===== PROVIDED DATA

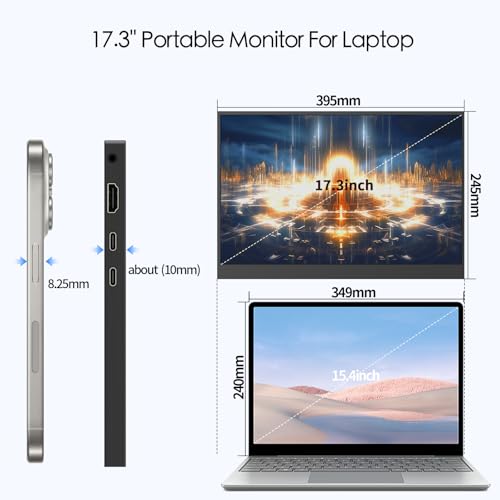 17.3’’ 144hz 2.5k Portable Gaming Monitor 2560*1440 HDR IPS USB-C MINI HDMI VESA Magnetic Case,Portable Monitor for Laptop PC,Mac,Phone,Switch,PS5,Xbox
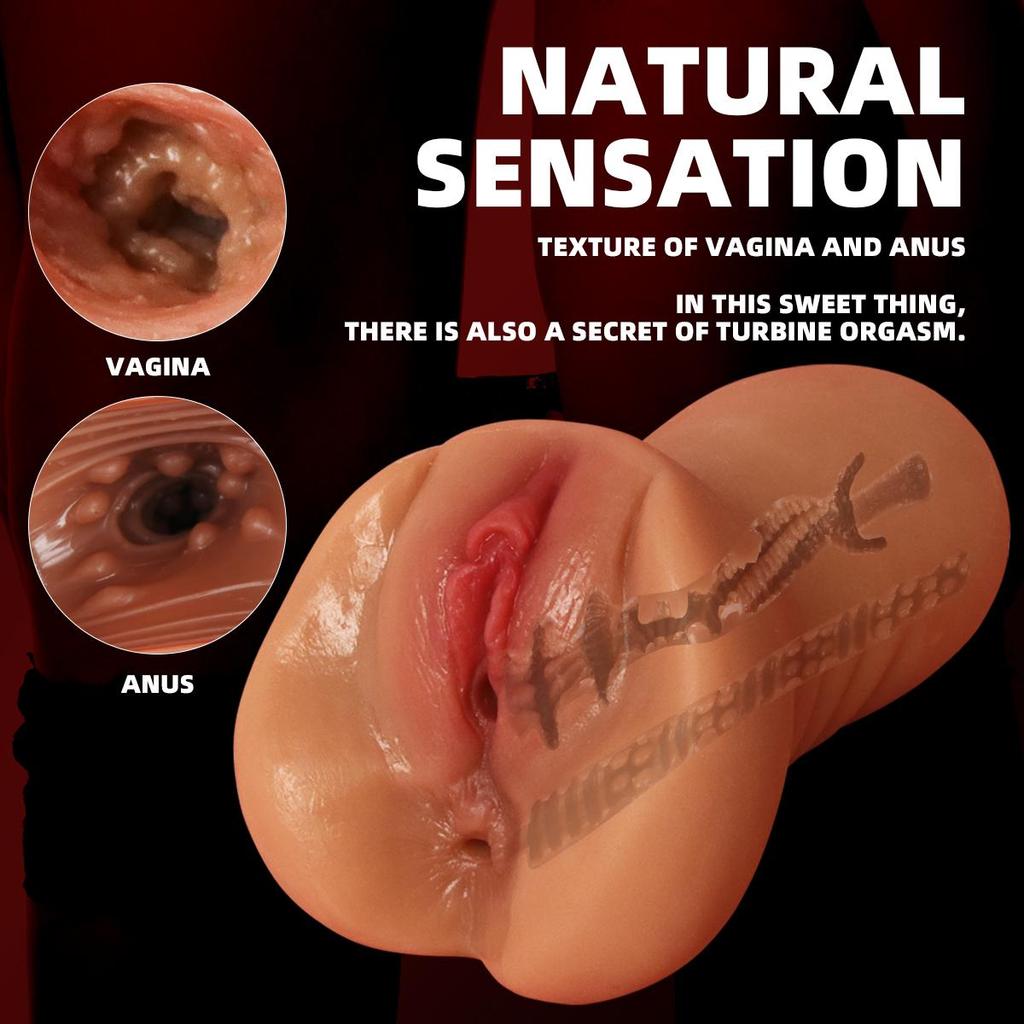 Male Masturbator Pocket Pussy Realistic Vagina Sex Toy For Men Sexy Double Channel 3D Anus Vagina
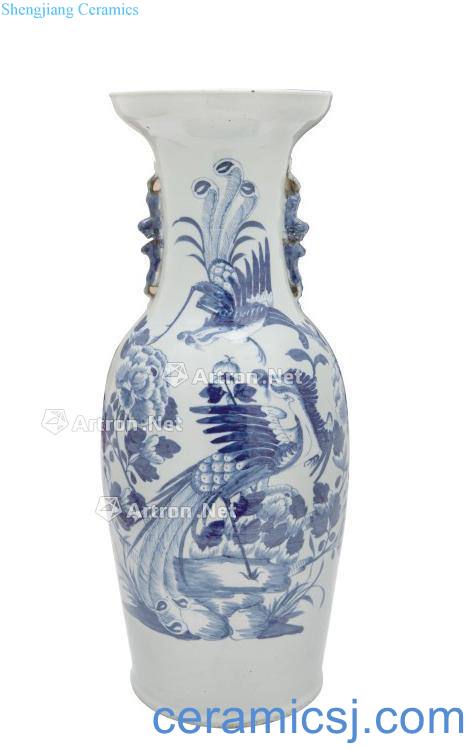 qing Blue and white double FeiFeng peony double lion ear wash mouth bottle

==========

ASSIGNMENT - Every line from the one containing "Male Masturbator Pocket" through the last line of the listing must be written out again exactly, and no other line. Leave the pictures aside.

RESPONSE TO THE TASK -
 Male Masturbator Pocket Pussy Realistic Vagina Sex Toy For Men Sexy Double Channel 3D Anus Vagina
 qing Blue and white double FeiFeng peony double lion ear wash mouth bottle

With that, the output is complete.